Time-Reversal-Based Quantum Metrology with Many-Body Entangled States
Simone Colombo, Edwin Pedrozo-Pe\~nafiel, Albert F. Adiyatullin, and Zeyang Li, Enrique Mendez, Chi Shu, Vladan Vuletic

TL;DR
This paper demonstrates a quantum metrology protocol using time-reversal with many-body entangled states, achieving sensitivity beyond the standard quantum limit and approaching the Heisenberg limit with 350 atoms.
Contribution
Introduces a time-reversal protocol (SATIN) with many-body entangled states that surpasses spin squeezing limitations and does not require extreme measurement resolution.
Findings
Achieved 11.8 dB sensitivity improvement beyond SQL.
Demonstrated Heisenberg scaling with particle number.
Reached 12.6 dB from the Heisenberg Limit.
Abstract
In quantum metrology, entanglement represents a valuable resource that can be used to overcome the Standard Quantum Limit (SQL) that bounds the precision of sensors that operate with independent particles.
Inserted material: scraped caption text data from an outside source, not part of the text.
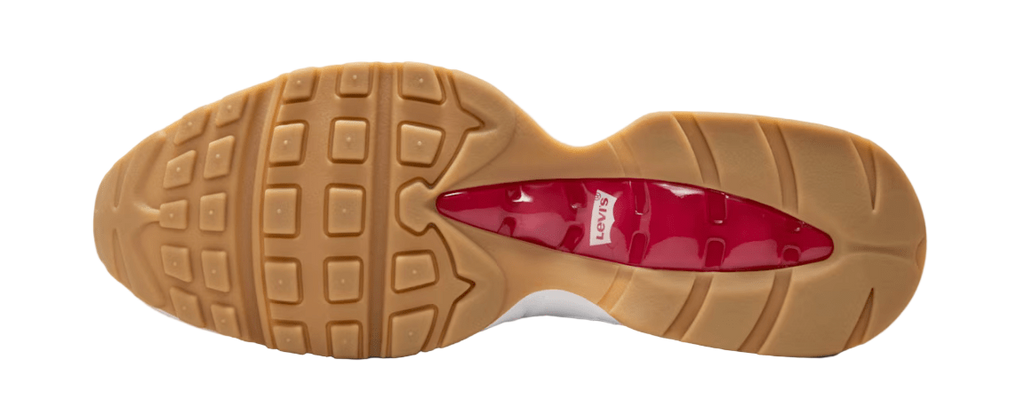 Nike Air Max 95 OG x Levis 'White and Ecru'  – sneaker autêntico da CollectKicks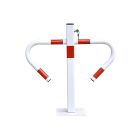 Blokada parkingowa na klucz - Mewa 75 cm, ocynkowana, lakierowana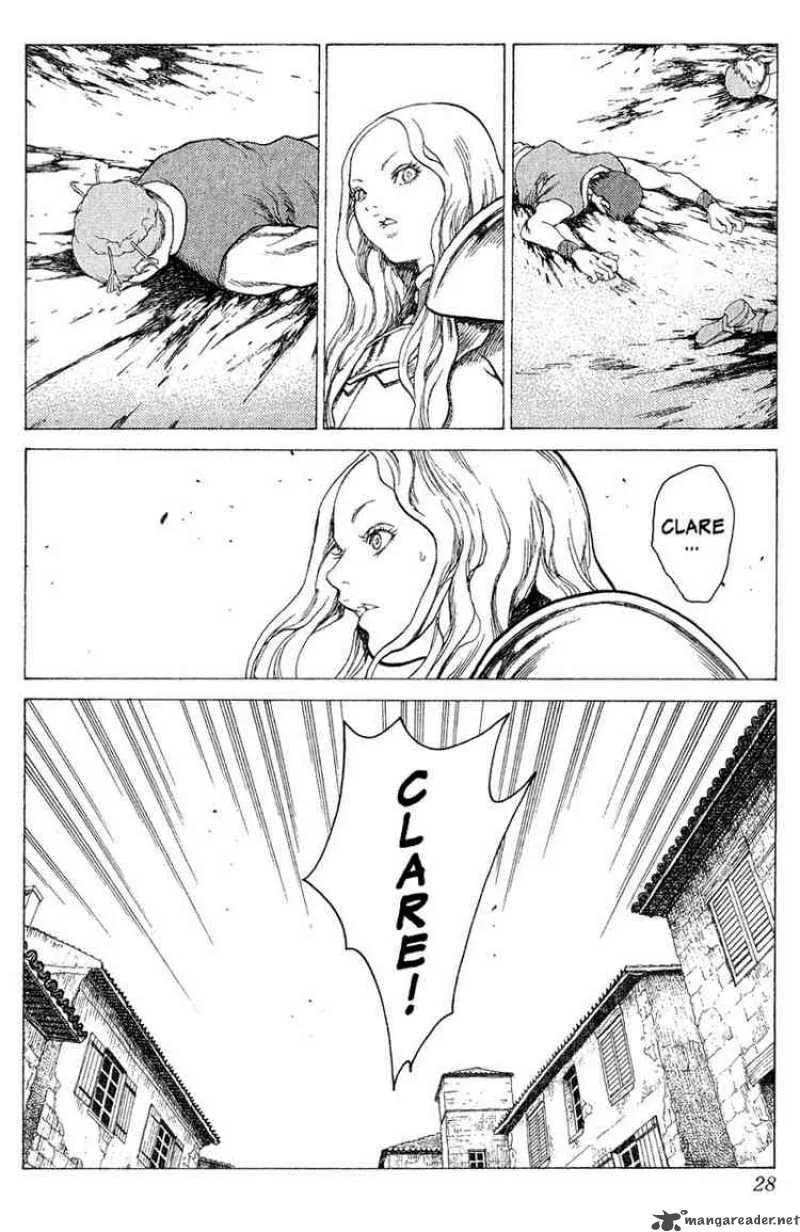 Claymore Chapter 16 page 21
Measurements beyond the SQL are typically enabled by relatively simple entangled states (squeezed states with Gaussian probability distributions), where quantum noise is redistributed between different quadratures. However, due to both fundamental limitations and the finite measurement resolution achieved in practice, sensors based on squeezed states typically operate far from the true fundamental limit of quantum metrology, the Heisenberg Limit. Here, by implementing an effective time-reversal protocol through a controlled sign change in an optically engineered many-body Hamiltonian, we demonstrate atomic-sensor performance with non-Gaussian states beyond the limitations of spin…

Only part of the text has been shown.